How many unique users and items?
The general remedy is fewer features and lower lambda, but it can't be right that the optimizer is fine with this while the model build isn't fine with any of those values. Something is not right here...
Created 02-06-2014 01:50 PM
The model is indeed being built from the full dataset, while the optimization was performed against a 50% sample. To get the sample, I downloaded the dataset from HDFS to the local filesystem, and performed a "head -n 1883475 data50percent.csv". Then I ran the optimizer locally, not distributed. Should I use the full dataset instead?
Dataset size is 125MB
Number of records 3,766,950
Unique users 608146
Unique items 1151
Created 02-06-2014 03:32 PM
I would use 100% of the data, yes, but I don't think that should make a big difference
The number of items is low, but not that low. Is there any reason to think the items are very 'redundant'?
This is strange enough that I think there may be a bug somewhere. Is this data you can share, in anonymized form, offline?
I am wondering whether the singularity threshold needs to be configurable.
I would still try turning down lambda / features to get it going, although I still am not seeing a reason why it should be necessary.
Created 02-07-2014 05:08 AM
Some of the items are exceptionally popular, while a large number of the other items have very low values. The weight is a simple count of the items per user within a timeframe.

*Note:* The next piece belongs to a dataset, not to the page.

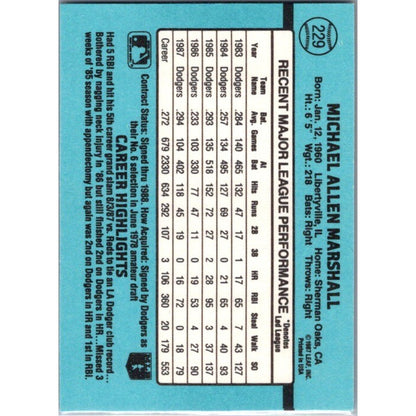 Mike Marshall 1988 Donruss #229c Los Angeles Dodgers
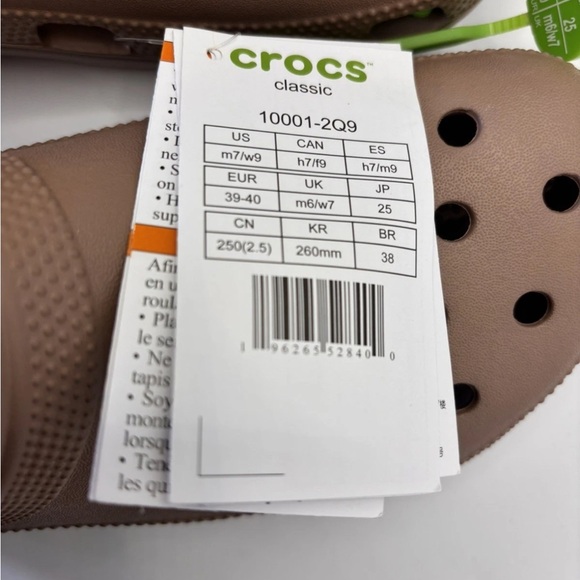 CROCS Classic Clogs with Strap NWT M7/W9 - Latte Brown - Picture 8 of 8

So a userID/itemID combo should only be seen once, but some of those items are seen for a very large percentage of the userIDs.
I've tried setting Features to 5, and Lambda to .01, which also failed. I'll try setting Features to 3 and Lambda to .0001 and see if that has any effect.
I'll verify with our Legal dept about sending the data over, but it shouldn't be an issue. I know I have your card from when we met in London and NY Strata, but it's in my desk at work, and I'm working from home, so you might have to message me with your email address or data drop location.
Created 02-07-2014 11:18 AM
I'm cleared to send the dataset, just need to know where it's going!
James
Created 02-07-2014 12:09 PM
Thanks James, I'm sowen at cloudera. It sounds like something I will have to debug as it's either quite subtle or a bug in the program. I'll solve it this weekend.
Created 02-08-2014 07:57 AM
Thanks James, I got the data.
FWIW, it built successfully locally, which is at least good. That is not a solution, but might get you moving.
I ran the data on Hadoop (CDH5) and uncovered a different problem, which I fixed: https://github.com/cloudera/oryx/commit/fee977f6a682ba6a2e8c2e48275cb4dc5718c8b2
It is basically an artifact of having virtually all even IDs. That shouldn't be a problem of course.
It ran successfully after that. Is the data you showed me the same as what you're running, or a sample (or redacted)? Just want to rationalize why you didn't see the error I did and then see if that has any clue to why it works for me.